Myanmar's tense political purge plays out in Facebook posts

Shwe Mann, the ousted party chairman, who appeared after two days of silence to reassure his followers in a Facebook post.
Soe Than WIN

YANGON, Myanmar — Frightening political purges still happen in the "new" Myanmar. But instead of disappearing for years, now ousted officials write pensive posts on Facebook.

At night on Aug. 12, authorities sealed off the headquarters of the ruling Union Solidarity and Development Party, or USDP. State security forces reportedly drew their guns and prevented officials from leaving.
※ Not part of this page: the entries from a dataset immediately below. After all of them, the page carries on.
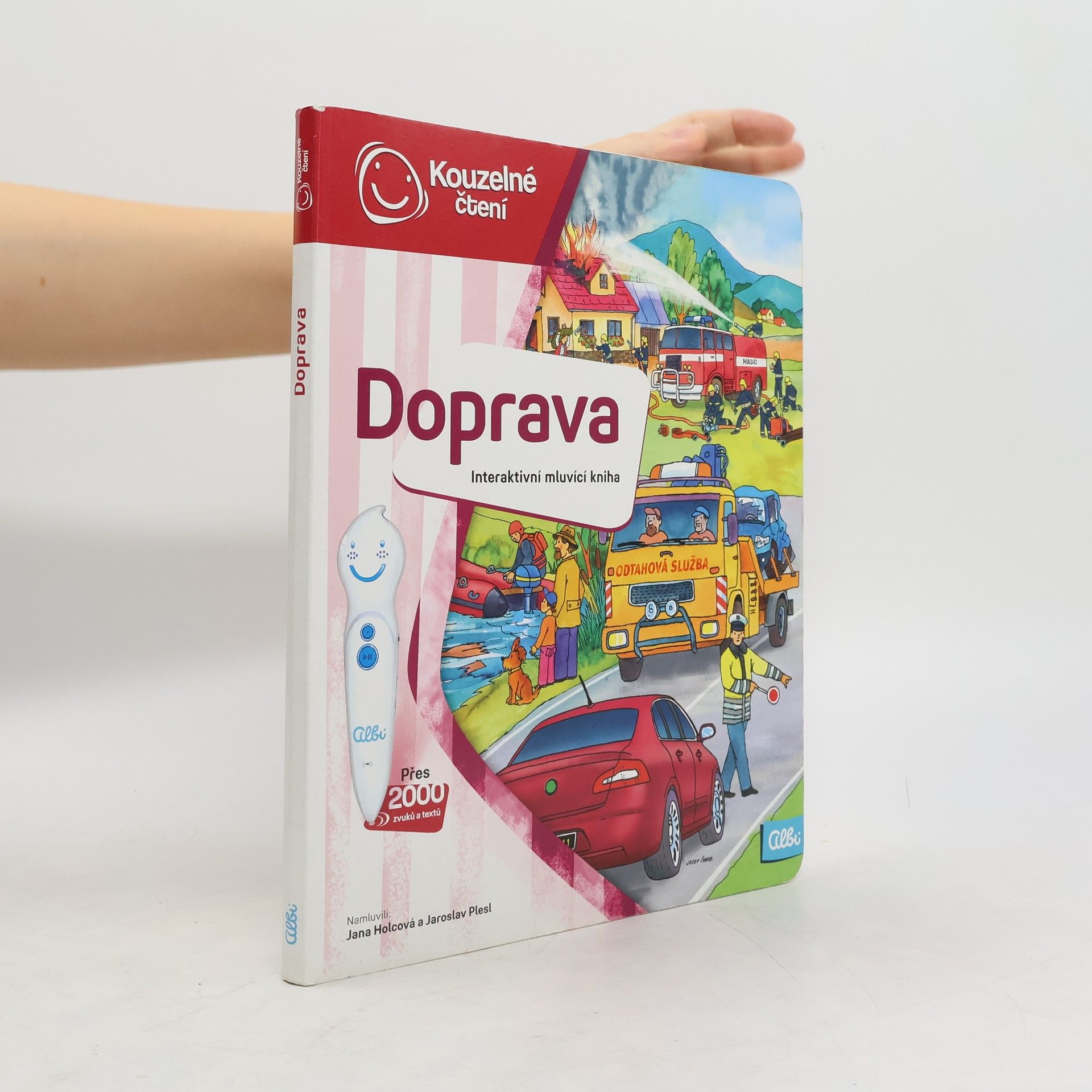 Collectif d'auteurs Doprava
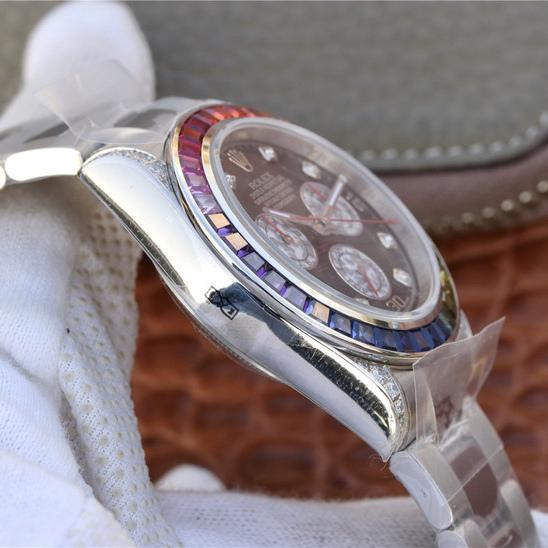 Daytona Diamond Rainbow 40mm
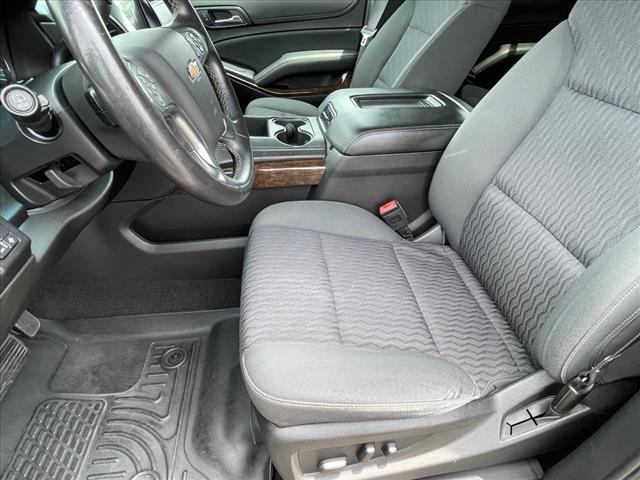 used 2016 Chevrolet Tahoe car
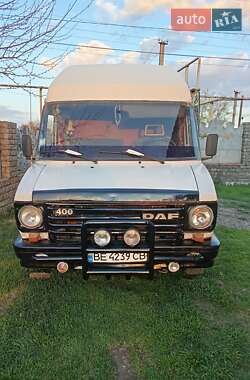 Грузовой фургон DAF 400 груз. 1991 в 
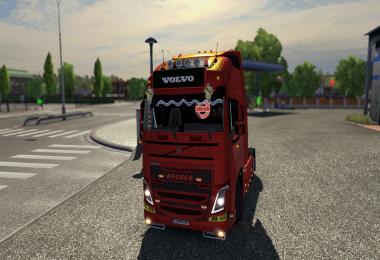 Volvo FH12 2012 by Manuel0306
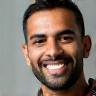 Portrait photo of Omar Hassan.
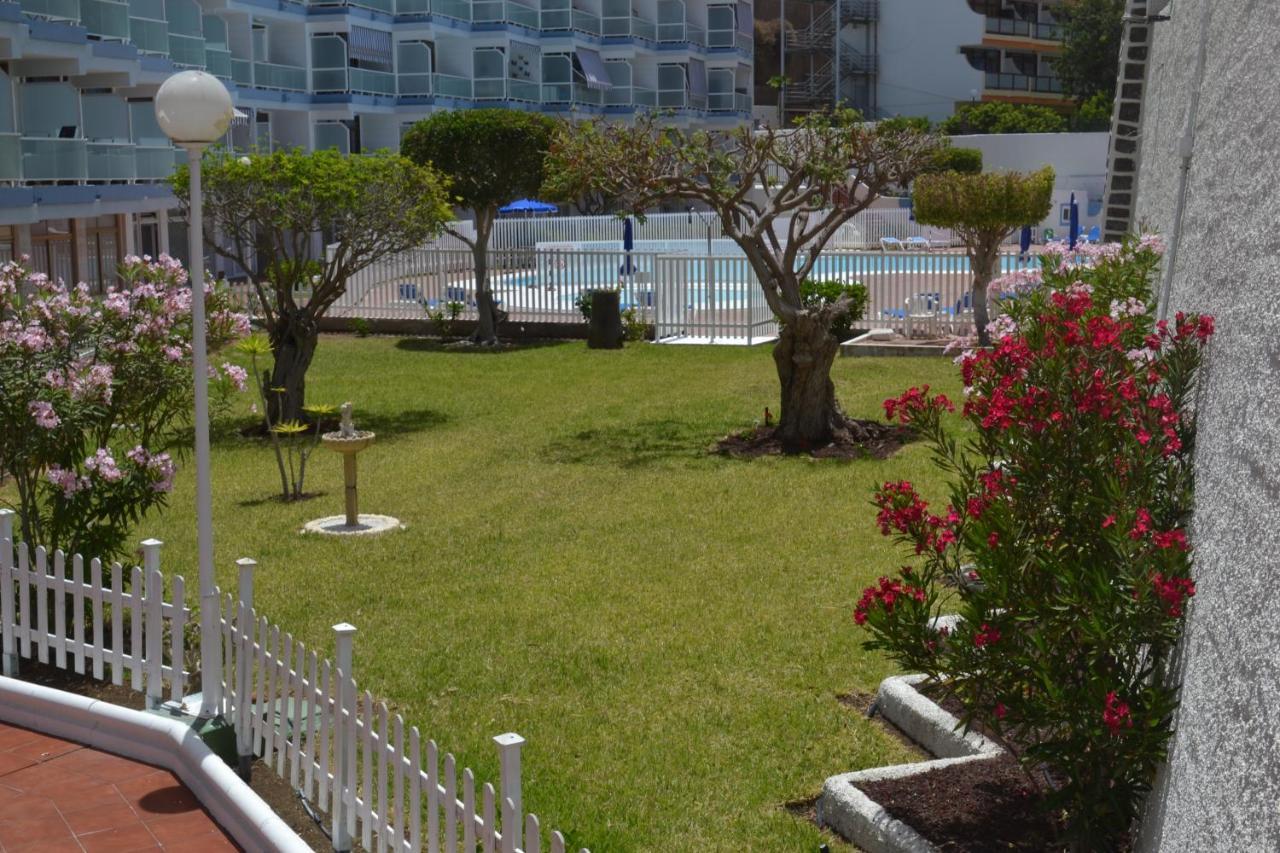 Red Loft Deluxe - Vivienda Vacacional A Playa Del Ingles Διαμέρισμα Εξωτερικό φωτογραφία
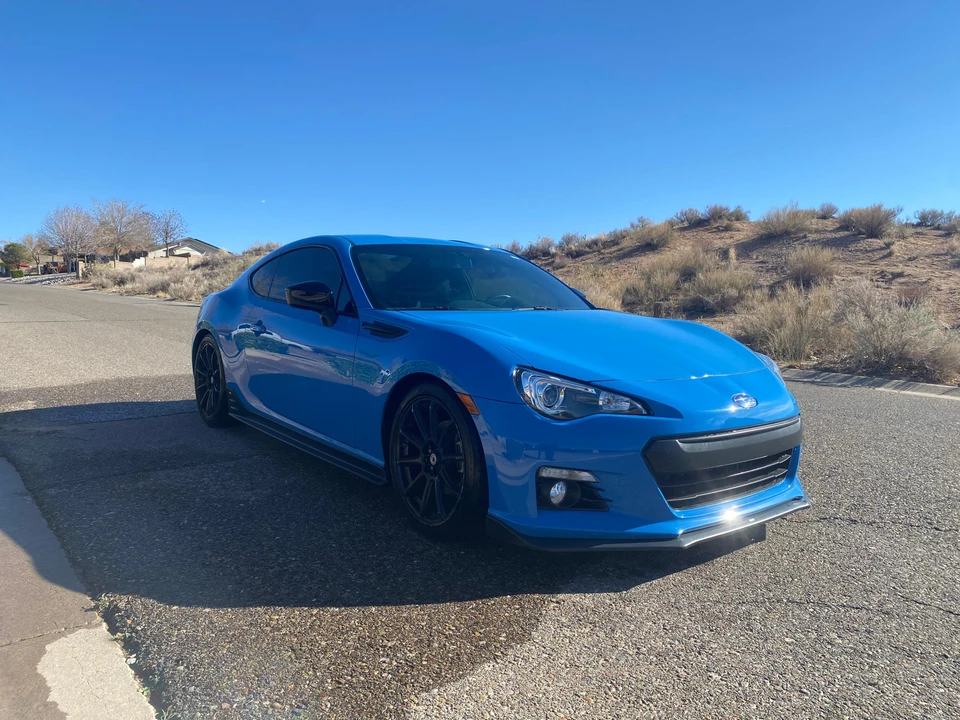 2016 Subaru BRZ 1st Gen - Image 15 of 31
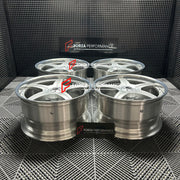 19 INCH FORGED WHEELS RIMS for TOYOTA SUPRA A90 J29 DB 2026 custom fit buy Racing Hart M5 style design wheels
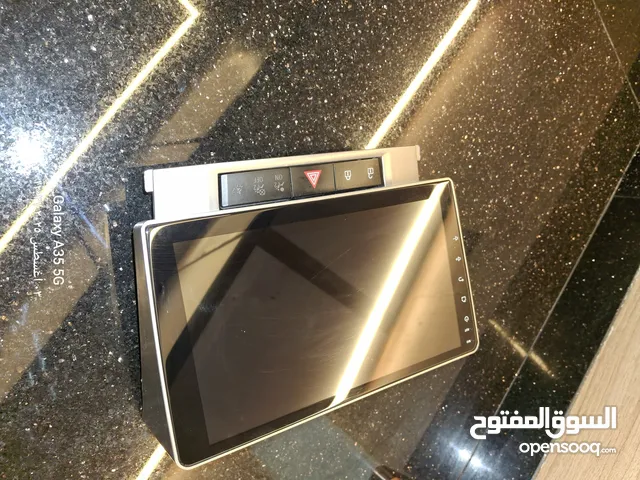 شاشة أندرويد بديلة للشاشة الأساسية للسيارات اوبل استرا إستعمال لمده شهر واحد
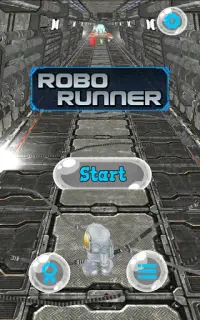 Robo Runner Screen Shot 0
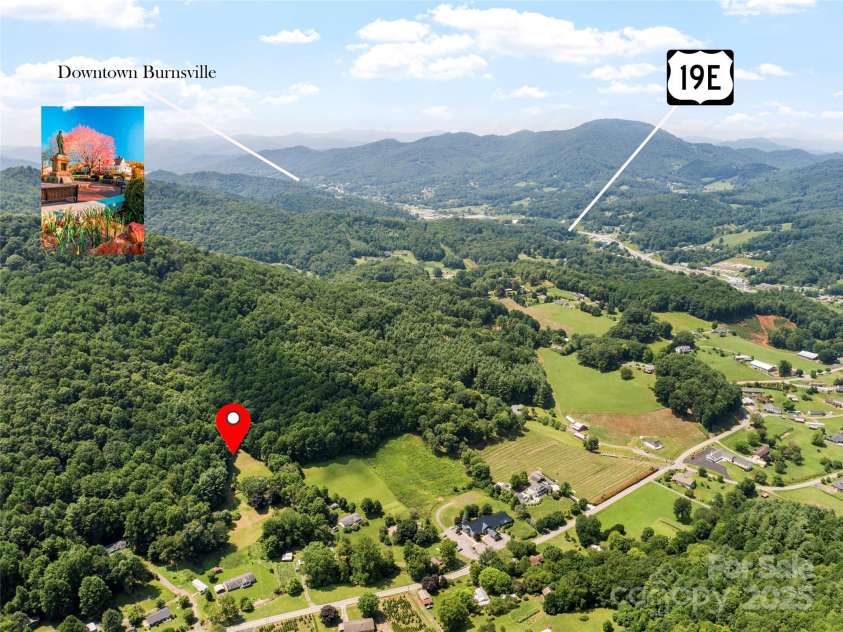 145 Appalachian Drive, Burnsville, NC 28714.  MLS# CAR4164720, YatesRealty ID 2292.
As night turned to day and the party’s chairman, Shwe Mann, still hadn’t been heard from, the words "purge," "putsch" and "coup" were used to describe what had happened.

Myanmar’s history is full of politicians falling out of favor in dramatic fashion. So while the country shed 49 years of military rule in 2011, last week’s events felt like history repeating itself.

Except for one thing: the internet.

After almost two days of silence, Shwe Mann appeared — not in chains but online.

Shwe Mann's first Facebook post after his ouster.

In his Facebook post, he was sitting in what appeared to be his office at parliament. The book “How Successful People Think” by leadership guru John C. Maxwell was on his desk. His post started out with “to the people.”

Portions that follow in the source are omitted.